Write down exactly the lines from the one with "this 400×267 image." to the end of the data, first and last included, and no others.

--- Data extract ---

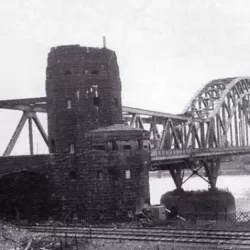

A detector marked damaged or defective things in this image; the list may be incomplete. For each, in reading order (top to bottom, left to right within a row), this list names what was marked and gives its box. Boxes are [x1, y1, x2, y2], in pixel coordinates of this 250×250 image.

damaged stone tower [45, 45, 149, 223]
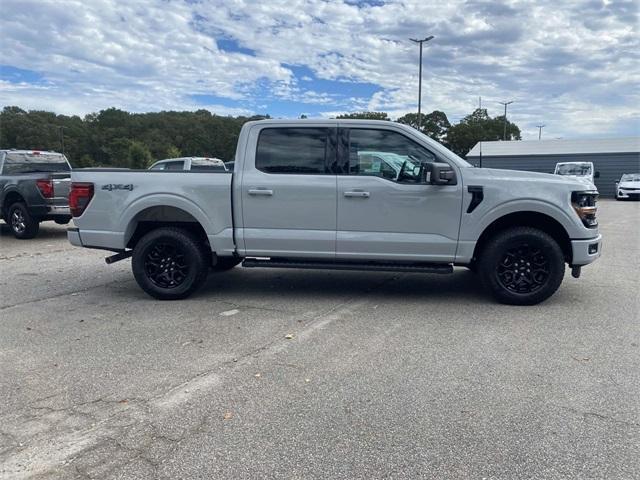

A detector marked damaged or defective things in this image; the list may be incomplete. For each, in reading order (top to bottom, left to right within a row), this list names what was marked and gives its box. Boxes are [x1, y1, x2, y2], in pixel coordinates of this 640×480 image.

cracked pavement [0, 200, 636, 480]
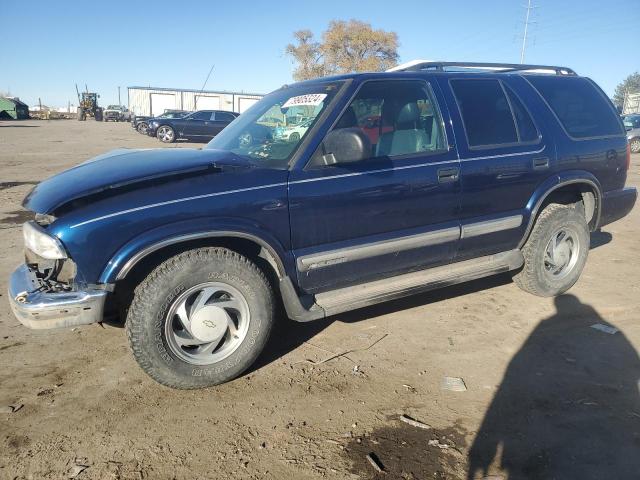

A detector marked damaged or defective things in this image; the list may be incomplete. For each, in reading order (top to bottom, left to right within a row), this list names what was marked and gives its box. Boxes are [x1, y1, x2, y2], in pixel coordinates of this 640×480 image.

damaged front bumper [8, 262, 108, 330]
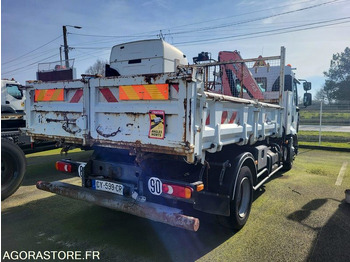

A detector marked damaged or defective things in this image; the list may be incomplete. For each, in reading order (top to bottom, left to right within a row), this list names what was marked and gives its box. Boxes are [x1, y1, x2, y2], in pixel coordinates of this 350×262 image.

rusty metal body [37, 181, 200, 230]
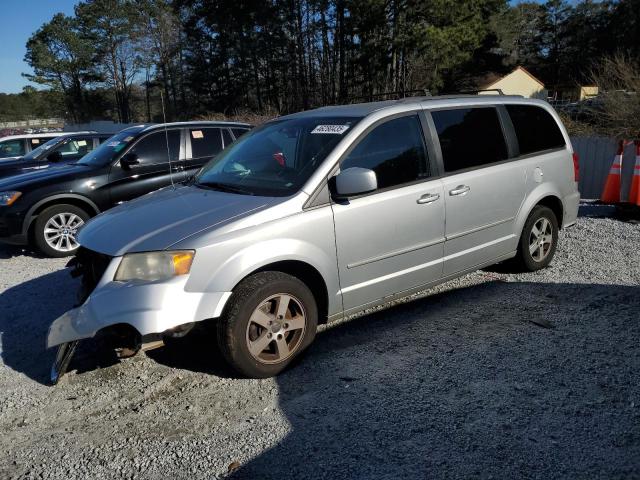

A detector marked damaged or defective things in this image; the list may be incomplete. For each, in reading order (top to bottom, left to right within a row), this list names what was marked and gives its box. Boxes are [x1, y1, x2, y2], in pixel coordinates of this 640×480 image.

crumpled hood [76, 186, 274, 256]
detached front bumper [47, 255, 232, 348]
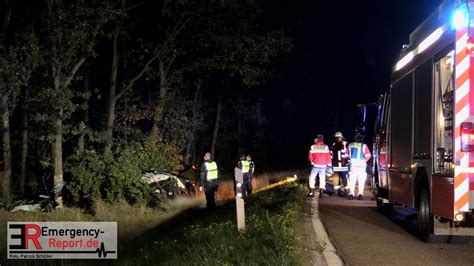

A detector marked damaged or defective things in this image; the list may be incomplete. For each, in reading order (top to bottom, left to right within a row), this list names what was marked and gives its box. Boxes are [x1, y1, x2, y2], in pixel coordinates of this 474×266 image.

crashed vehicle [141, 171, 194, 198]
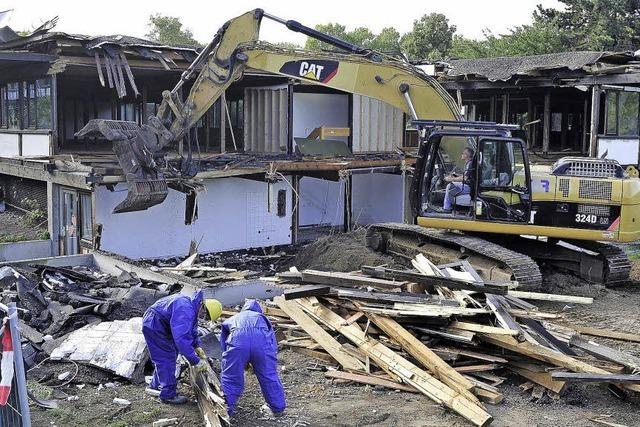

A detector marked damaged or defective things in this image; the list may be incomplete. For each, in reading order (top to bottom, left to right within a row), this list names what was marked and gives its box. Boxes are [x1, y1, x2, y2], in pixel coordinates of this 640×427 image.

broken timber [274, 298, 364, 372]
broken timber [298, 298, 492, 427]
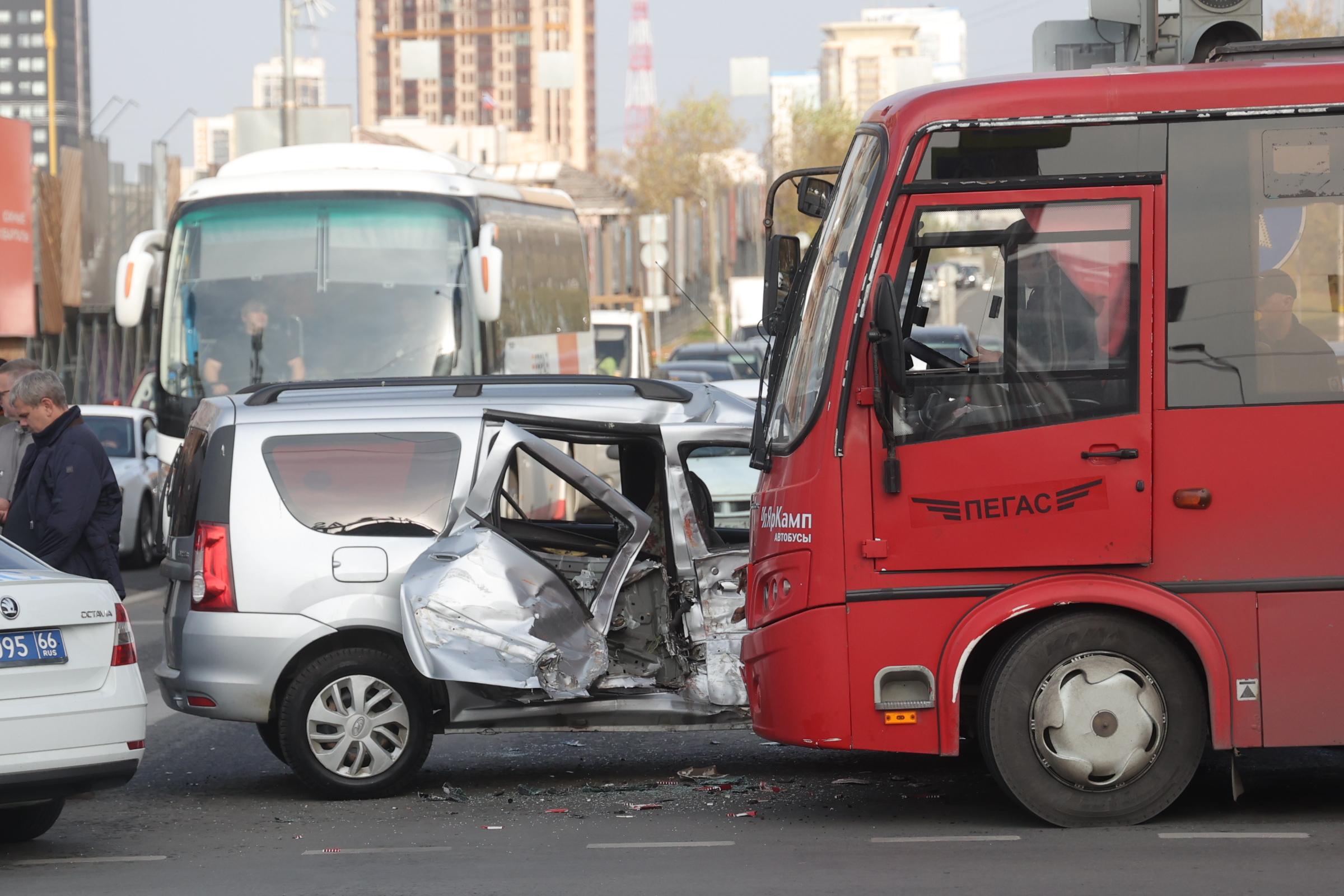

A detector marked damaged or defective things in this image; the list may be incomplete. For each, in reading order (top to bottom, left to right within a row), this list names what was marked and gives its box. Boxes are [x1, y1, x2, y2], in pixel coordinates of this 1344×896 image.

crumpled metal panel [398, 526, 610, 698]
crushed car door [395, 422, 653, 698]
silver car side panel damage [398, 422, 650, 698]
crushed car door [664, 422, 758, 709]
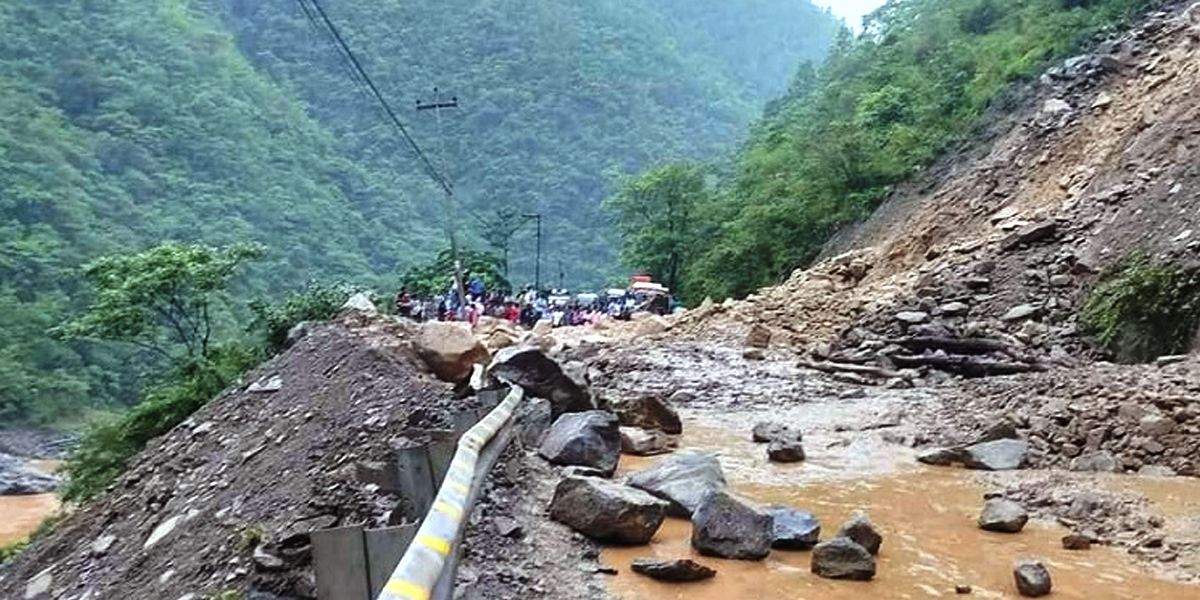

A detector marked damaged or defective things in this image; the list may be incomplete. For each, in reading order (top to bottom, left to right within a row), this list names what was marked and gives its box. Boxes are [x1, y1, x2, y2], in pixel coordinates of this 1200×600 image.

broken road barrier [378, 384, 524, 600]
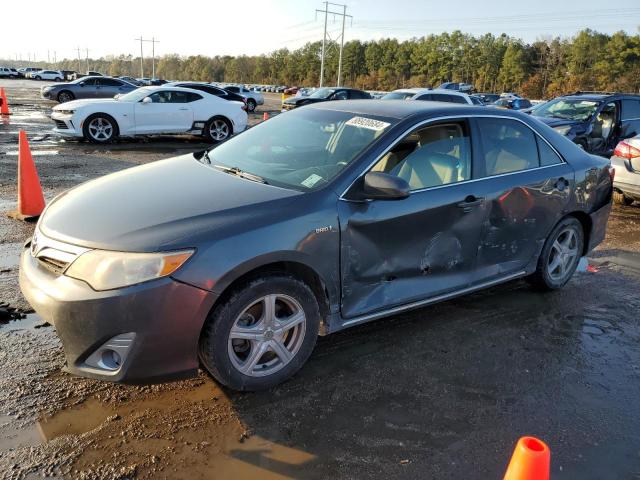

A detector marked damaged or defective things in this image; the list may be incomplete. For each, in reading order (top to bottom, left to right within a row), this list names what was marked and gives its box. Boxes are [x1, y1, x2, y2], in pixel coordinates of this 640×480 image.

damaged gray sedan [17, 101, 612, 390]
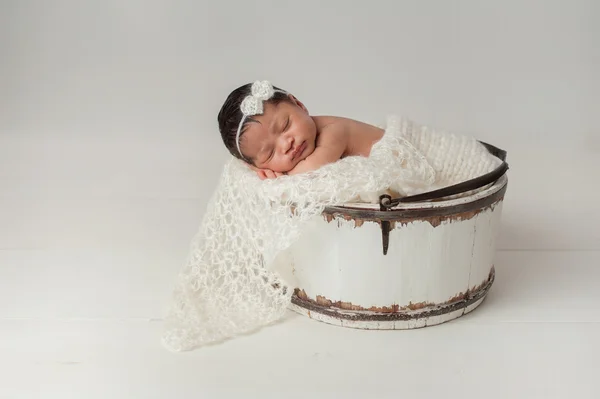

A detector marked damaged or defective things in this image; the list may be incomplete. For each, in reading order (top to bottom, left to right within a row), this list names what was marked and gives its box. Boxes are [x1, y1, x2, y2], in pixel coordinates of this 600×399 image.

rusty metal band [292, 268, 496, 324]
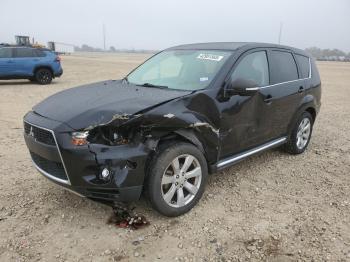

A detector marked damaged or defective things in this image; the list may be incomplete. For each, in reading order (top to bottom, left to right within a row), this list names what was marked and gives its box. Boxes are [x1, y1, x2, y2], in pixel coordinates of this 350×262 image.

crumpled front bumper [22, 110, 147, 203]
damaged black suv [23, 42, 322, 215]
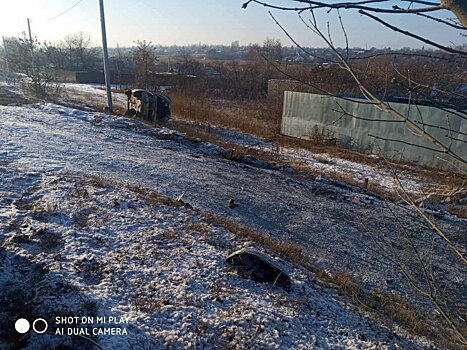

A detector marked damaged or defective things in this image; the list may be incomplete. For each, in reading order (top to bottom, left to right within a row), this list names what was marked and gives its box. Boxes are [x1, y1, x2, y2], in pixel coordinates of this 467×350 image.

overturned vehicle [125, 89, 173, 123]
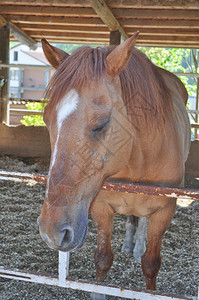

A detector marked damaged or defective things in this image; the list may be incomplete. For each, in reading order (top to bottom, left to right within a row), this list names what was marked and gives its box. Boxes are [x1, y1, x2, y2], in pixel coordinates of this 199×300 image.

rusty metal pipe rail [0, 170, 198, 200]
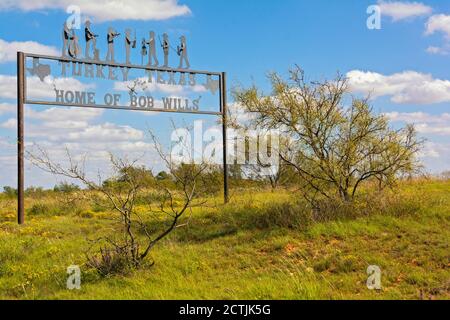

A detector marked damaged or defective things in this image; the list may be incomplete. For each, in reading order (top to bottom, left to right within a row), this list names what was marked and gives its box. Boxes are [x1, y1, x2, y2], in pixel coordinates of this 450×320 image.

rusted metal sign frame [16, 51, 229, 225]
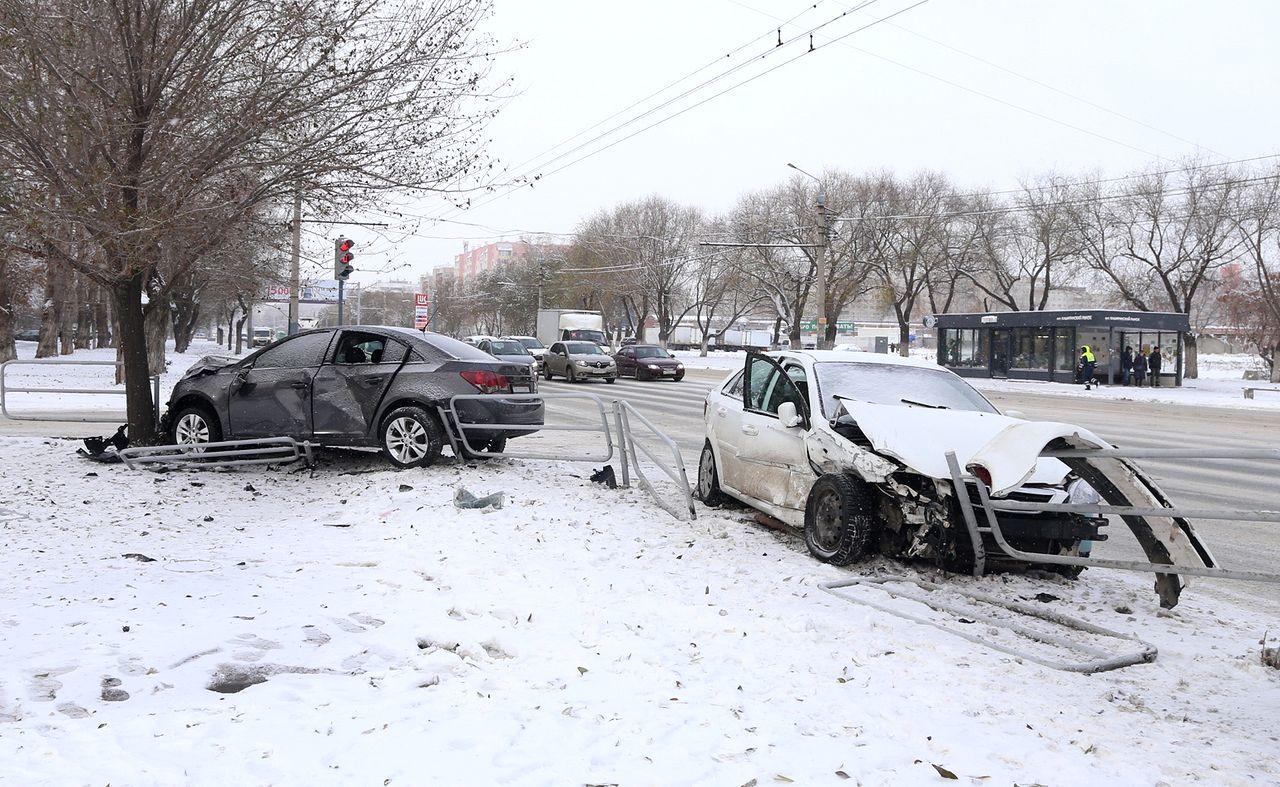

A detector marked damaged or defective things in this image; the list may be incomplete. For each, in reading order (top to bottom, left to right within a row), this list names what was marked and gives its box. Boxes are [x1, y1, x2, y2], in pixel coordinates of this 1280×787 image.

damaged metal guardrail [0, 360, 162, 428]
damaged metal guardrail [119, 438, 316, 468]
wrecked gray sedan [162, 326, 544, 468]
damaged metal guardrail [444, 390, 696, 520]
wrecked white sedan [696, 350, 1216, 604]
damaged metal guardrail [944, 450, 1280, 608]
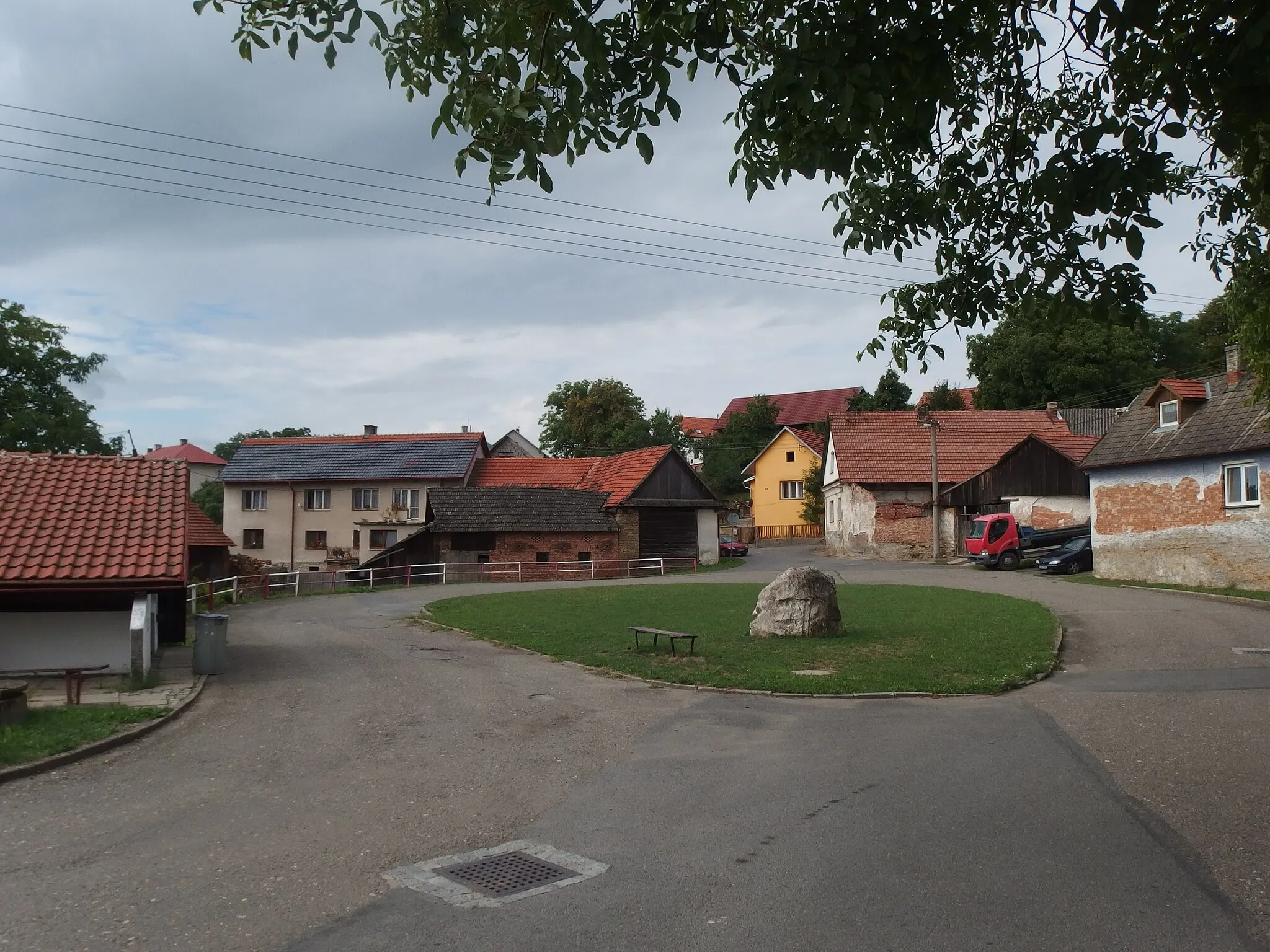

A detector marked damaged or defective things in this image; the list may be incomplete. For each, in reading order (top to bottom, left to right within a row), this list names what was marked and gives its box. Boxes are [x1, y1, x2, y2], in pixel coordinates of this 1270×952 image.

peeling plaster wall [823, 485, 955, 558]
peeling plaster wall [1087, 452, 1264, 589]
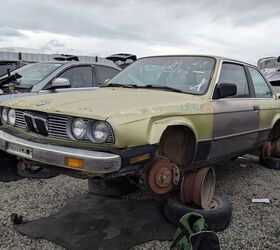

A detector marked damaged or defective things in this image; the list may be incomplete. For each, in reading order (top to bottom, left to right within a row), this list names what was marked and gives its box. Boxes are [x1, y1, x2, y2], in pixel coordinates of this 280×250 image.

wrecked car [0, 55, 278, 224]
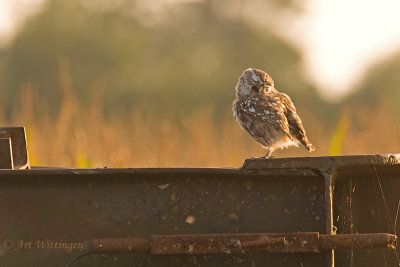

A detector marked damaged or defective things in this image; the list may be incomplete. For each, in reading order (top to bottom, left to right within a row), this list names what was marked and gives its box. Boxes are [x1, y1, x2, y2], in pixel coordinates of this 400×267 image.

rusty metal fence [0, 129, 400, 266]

---

| Exercise response |
A detector marked damaged or defective things in this image; the list may be incomplete. For each, in reading order (top to bottom, left to right within a row), this list names what was marked and gives its box. Boxes are [x1, y1, x2, y2], in pixel coordinates of this 400×267 image.

rusty metal fence [0, 129, 400, 266]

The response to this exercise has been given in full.